Ces mots prennent aujourd’hui une résonance particulière. Car c’est précisément ce qu’il a réussi à faire, enfin, lors de cette répétition. Trop tard, peut-être, selon lui. Mais suffisamment tôt pour toucher ceux qui l’écoutent. Suffisamment tôt pour rappeler que la Star Academy n’est pas seulement une compétition de talents, mais aussi un révélateur d’humanité.

Nommé face à Anouk pour la deuxième semaine consécutive, Victor sait que l’issue du prime est incertaine. Il le dit sans détour. Être nommé à ce stade de l’aventure est douloureux, presque injuste à ses yeux. "On se dit qu’on est en dessous", confie-t-il. Et pourtant, malgré la fatigue morale, malgré la peur de l’élimination, il refuse de baisser les bras. Il veut aller au prime "la tête haute". Il veut prouver, au public comme à lui-même, qu’il mérite d’être là.
Ce qui bouleverse dans son parcours, c’est précisément cette lutte contre soi. Victor n’est pas en guerre contre les autres candidats. Il se bat contre ses propres limites, ses propres silences, ses propres regrets. Et dans cette bataille invisible, chaque petite victoire a le goût d’un soulagement immense.
Lucie Bernardoni, en pleurs dans ses bras, semble l’avoir compris mieux que quiconque.
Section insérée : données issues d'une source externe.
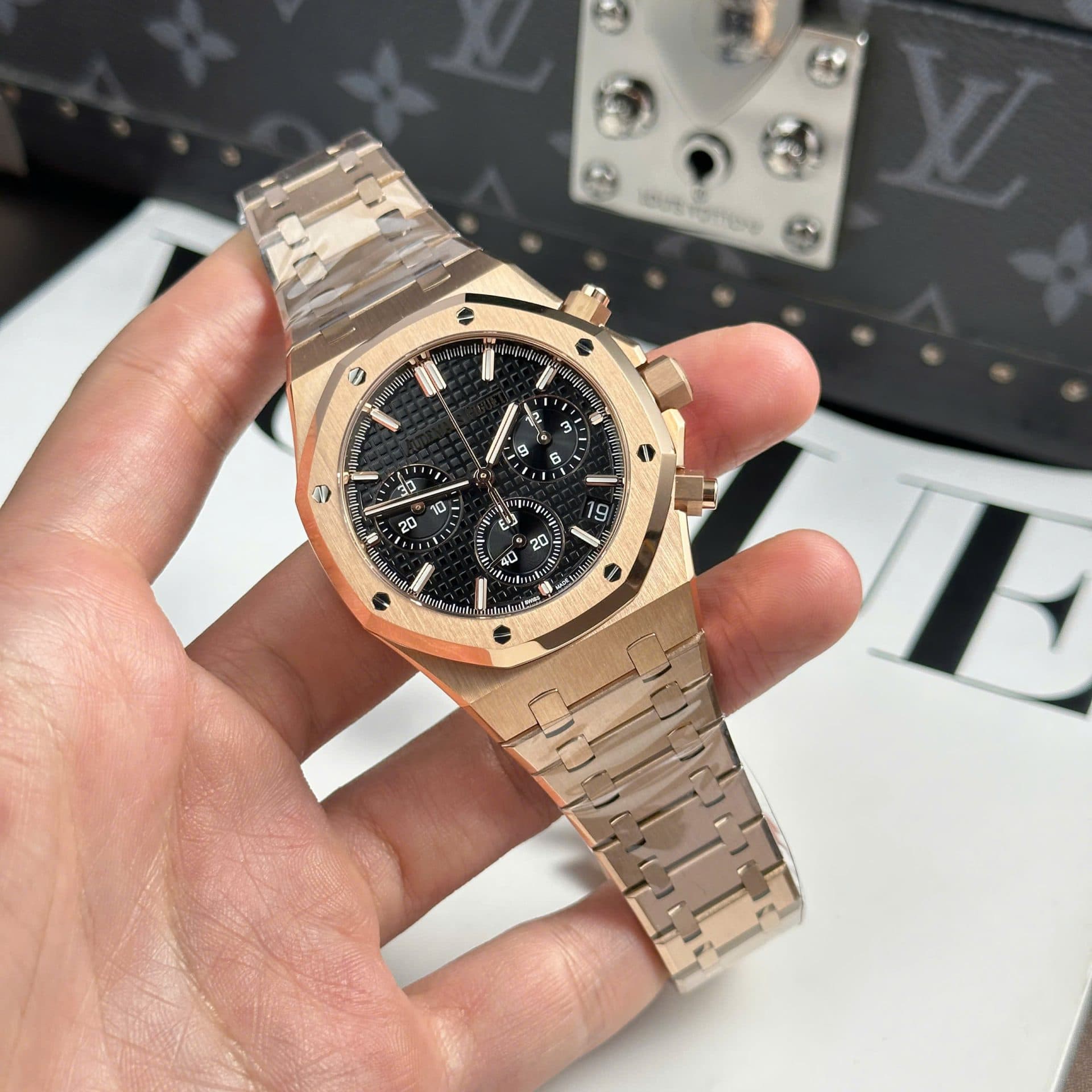Dong-Ho-Audemars-Piguet-Royal-Oak-26240-Replica-11-Mau-Vang-Hong-Mat-Den-APS-41mm-1-1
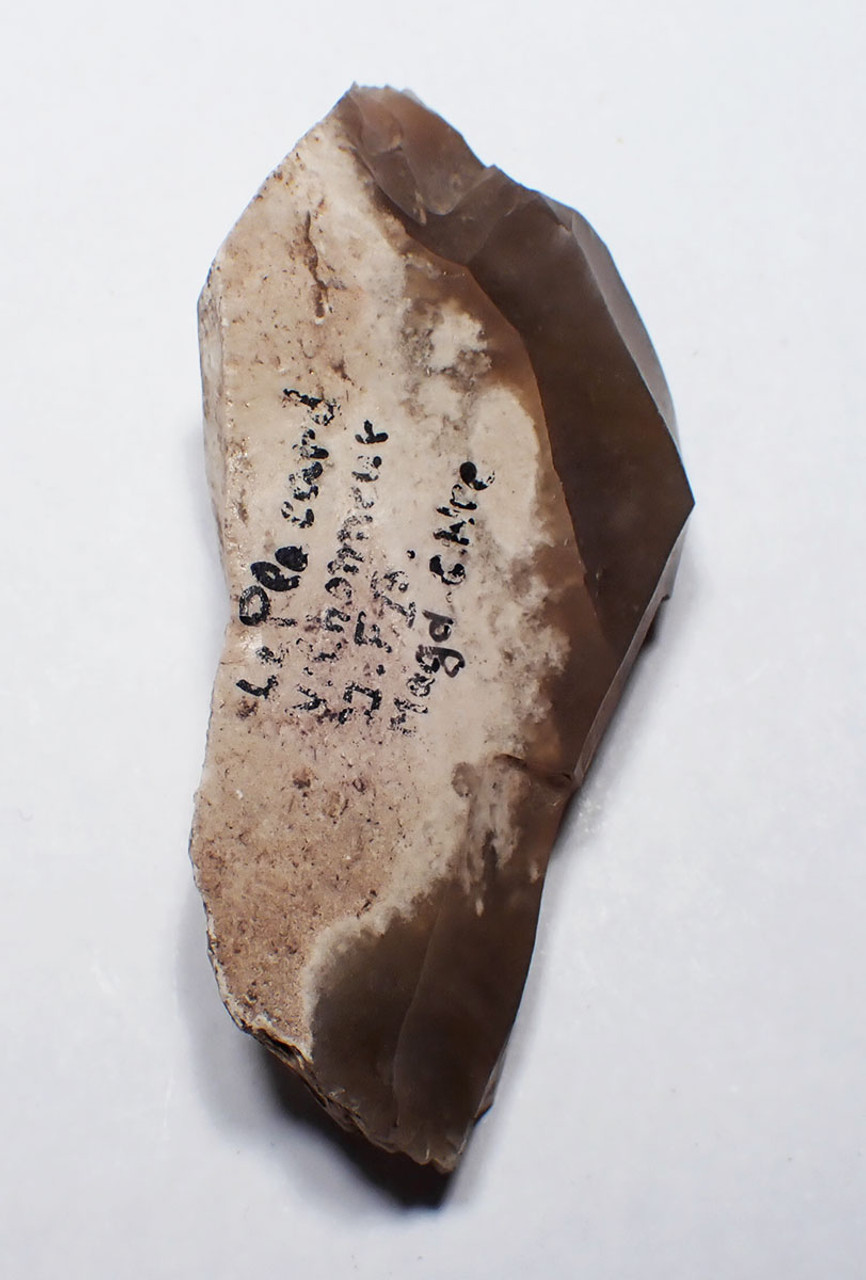 CRO-MAGNON ART-MAKING DIHEDRAL BURIN FLAKE TOOL FROM THE FAMOUS UPPER PALEOLITHIC MAGDALENIAN PLACARD CAVE ART SITE IN FRANCE  *UP079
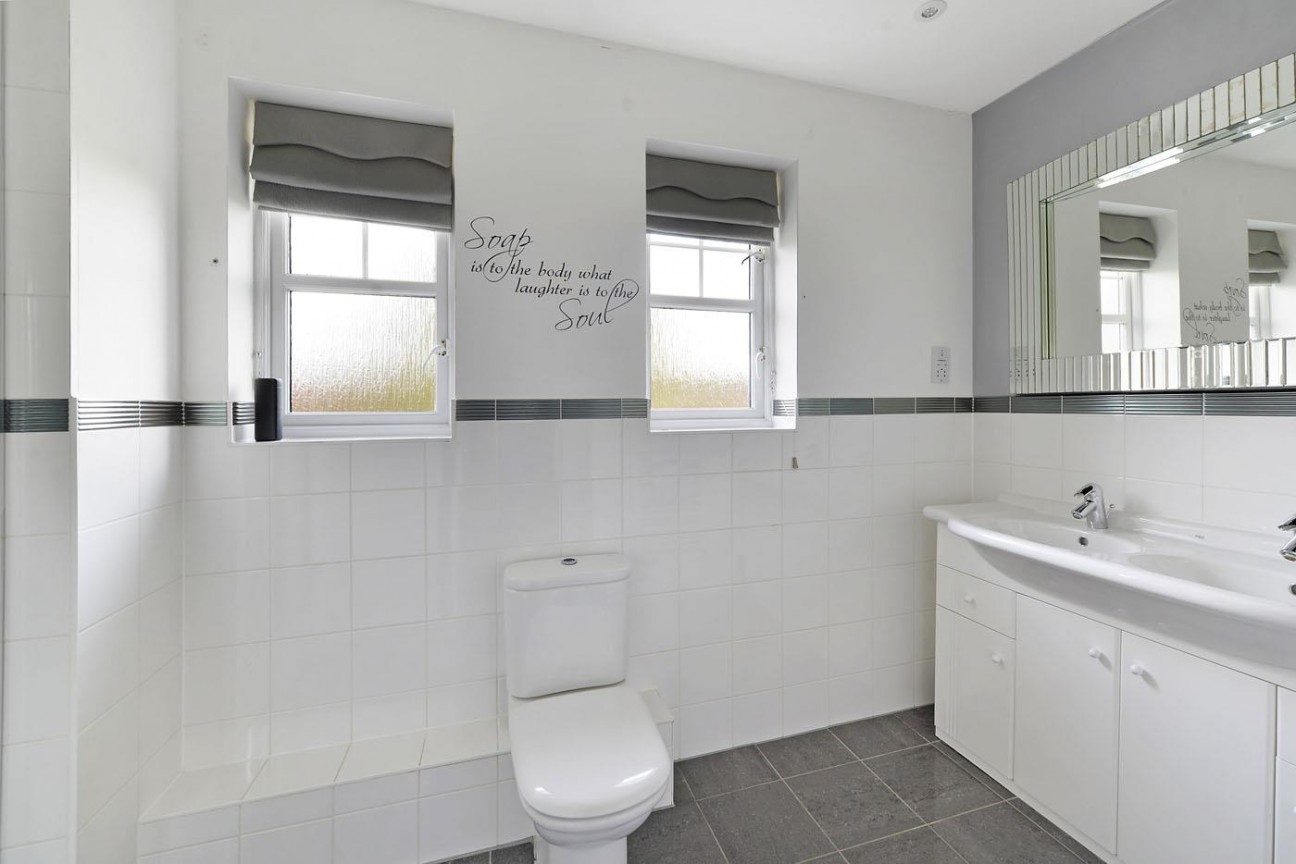 Woodford Grove, Kings Hill, ME19 4BX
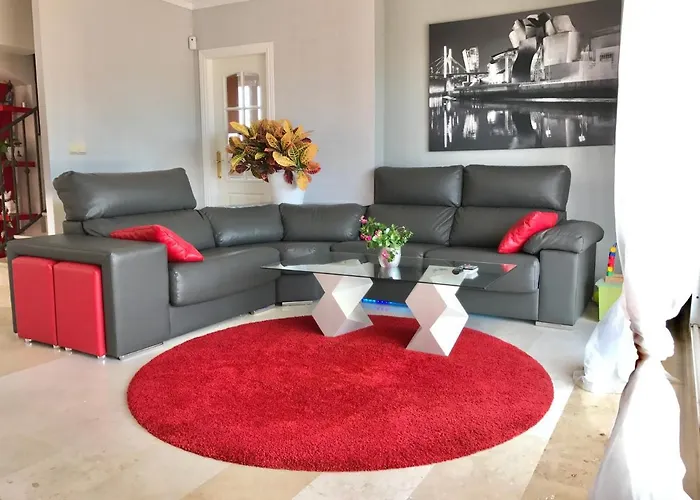 The Elviria Penthouse, アパート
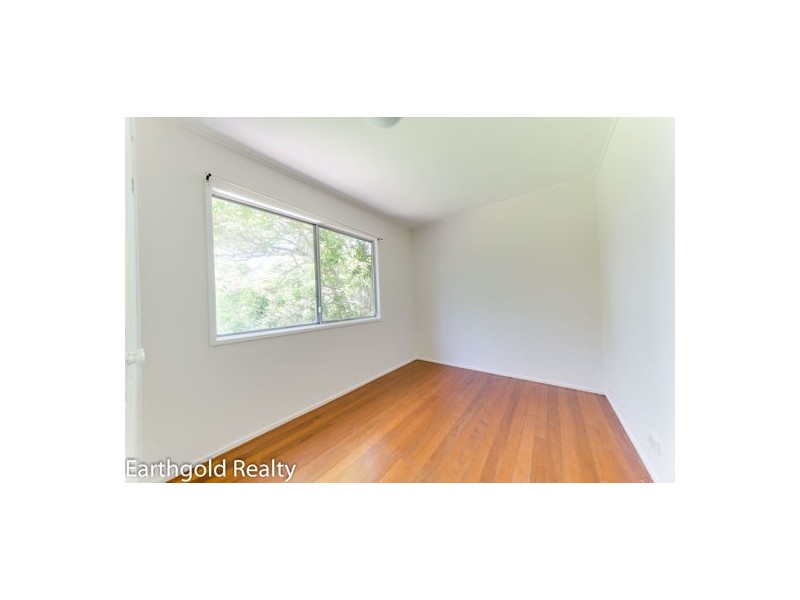35 Myra st, Kingston QLD 4114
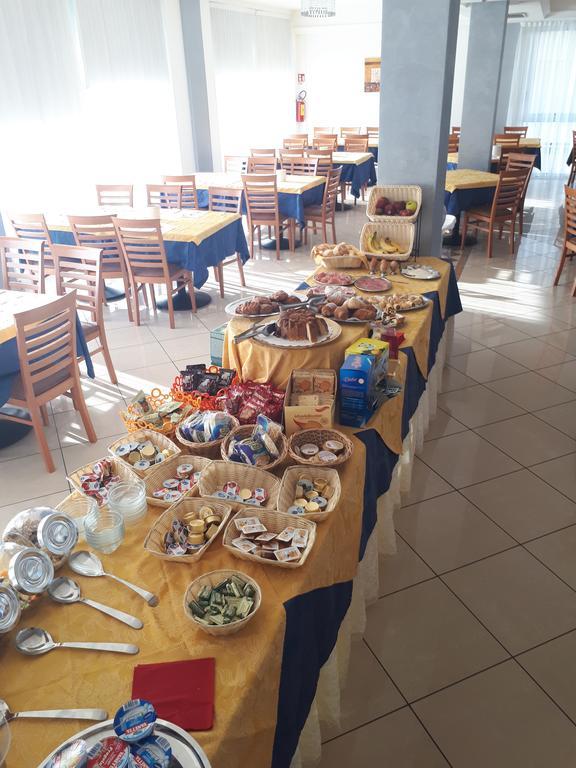 Hotel Massimo Cervia Buitenkant foto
En l’encourageant à ne pas perdre cette vérité nouvellement trouvée, elle lui offre bien plus qu’un conseil artistique. Elle lui donne la permission d’être entier, imparfait, vivant.
Quoi qu’il arrive lors du prochain prime, ce moment restera gravé. Pour Victor, sans doute, comme une libération tardive mais essentielle. Pour le public, comme un rappel que derrière les projecteurs et les votes, il y a des cœurs qui battent trop fort, parfois jusqu’à se briser. Et peut-être que c’est précisément là que se joue la vraie victoire.